I spread my books out over several tables and crates, saying goodbye to hundreds of comrades who had been with me for so long. I enjoyed it particularly knowing it is an early example of this genre. In a way she lays a grandmother figure role to him and uses her wisdom and knowledge to guide him. I will tell you that I would rather read this than Cormac McCarthy's The Road any day of the week. Under her wise wing, Tony will probe the family ties that bind and rend him, and he will discover himself in the magical secrets of the pagan past-a mythic legacy as palpable as the Catholicism of Latin America. In a way she lays a grandmother figure role to him and uses her wisdom and knowledge to guide him. I Being a native of New Mexico, I always heard references to this book growing up.
My teacher at the time had a list of books we could choose to do reports on and this was one of the choices that jumped out at me. Antonio swings a priest's robe over his shoulders and says it is the presence of the river. God's reading list, beacuse it was a very moving book. He meets Ultima when she comes to live with his family. . She is a curandera, one who cures with herbs and magic.
Our book club is looking at banned books. Ultima conveys an indigenous viewpoint to him that provides guidance when he loses confidence in parental viewpoints and the teachings of the Church. His works are standard texts in Chicano studies and literature courses around the world, and he has done more than perhaps any other single person to promote publication of books by Hispanic authors in this country. He prays over and over the Act of Contrition. It was just so incredibly serious the whole way through.

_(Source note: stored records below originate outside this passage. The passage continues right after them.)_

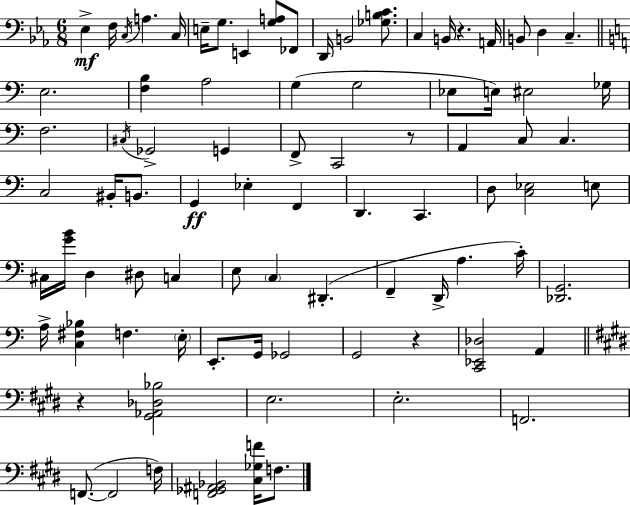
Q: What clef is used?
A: bass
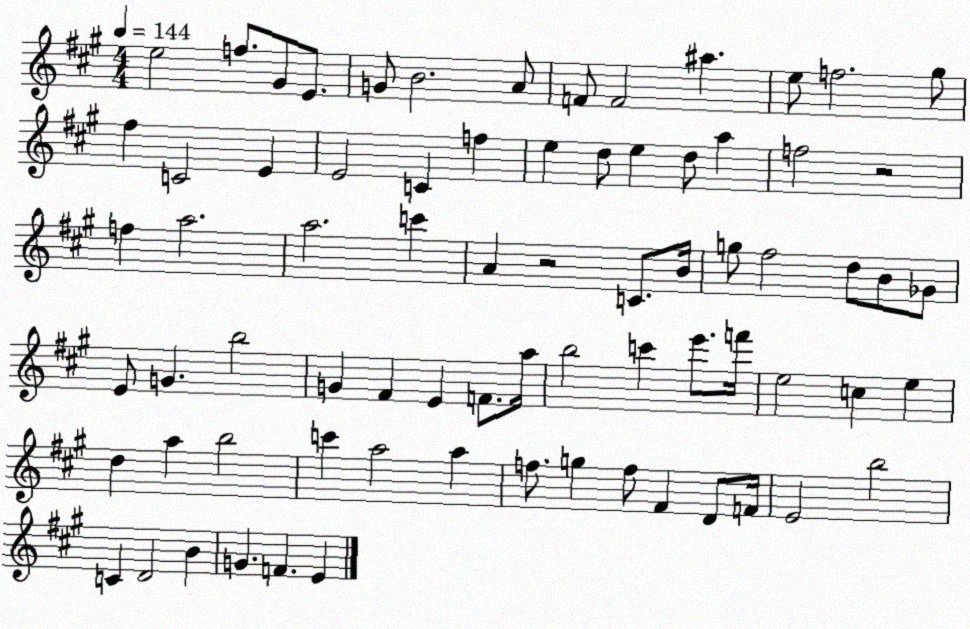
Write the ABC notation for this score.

X:1
T:Untitled
M:4/4
L:1/4
K:A
e2 f/2 ^G/2 E/2 G/2 B2 A/2 F/2 F2 ^a e/2 f2 ^g/2 ^f C2 E E2 C f e d/2 e d/2 a f2 z2 f a2 a2 c' A z2 C/2 B/4 g/2 ^f2 d/2 B/2 _G/2 E/2 G b2 G ^F E F/2 a/4 b2 c' e'/2 f'/4 e2 c e d a b2 c' a2 a f/2 g f/2 ^F D/2 F/4 E2 b2 C D2 B G F E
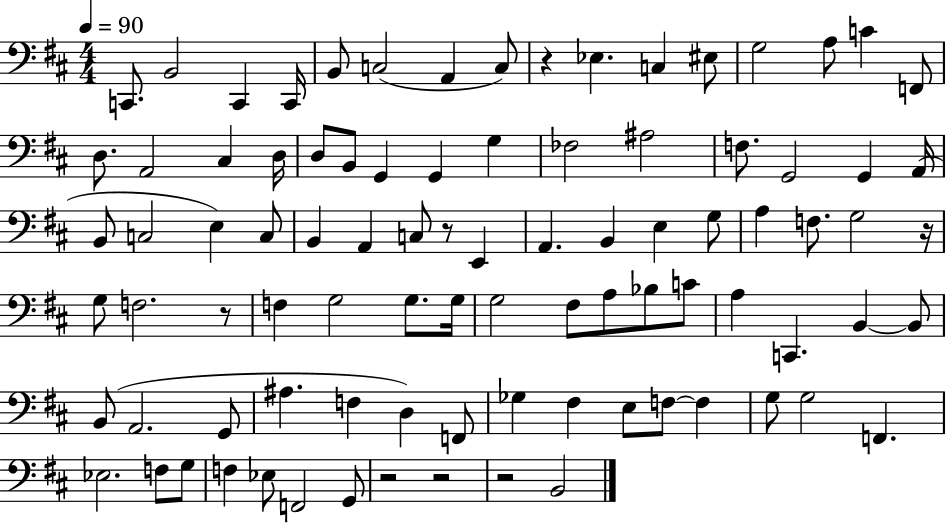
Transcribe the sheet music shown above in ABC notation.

X:1
T:Untitled
M:4/4
L:1/4
K:D
C,,/2 B,,2 C,, C,,/4 B,,/2 C,2 A,, C,/2 z _E, C, ^E,/2 G,2 A,/2 C F,,/2 D,/2 A,,2 ^C, D,/4 D,/2 B,,/2 G,, G,, G, _F,2 ^A,2 F,/2 G,,2 G,, A,,/4 B,,/2 C,2 E, C,/2 B,, A,, C,/2 z/2 E,, A,, B,, E, G,/2 A, F,/2 G,2 z/4 G,/2 F,2 z/2 F, G,2 G,/2 G,/4 G,2 ^F,/2 A,/2 _B,/2 C/2 A, C,, B,, B,,/2 B,,/2 A,,2 G,,/2 ^A, F, D, F,,/2 _G, ^F, E,/2 F,/2 F, G,/2 G,2 F,, _E,2 F,/2 G,/2 F, _E,/2 F,,2 G,,/2 z2 z2 z2 B,,2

She helps María with breakfast and other housework.
Also, when Antonio is going through bad times and violent things around him, Ultima shows him the light to find his way. Download and start listening now! I ricchi rancheros hanno prosciugato la terra coi loro pozzi profondi, e allora dovevano venire le pesanti nevicate per restituire l'acqua alla terra. As a naturalist, I enjoyed the natural thread that runs through the book. I am an oral storyteller, but now I do it on the printed page. He says Lupito is a man, not an animal.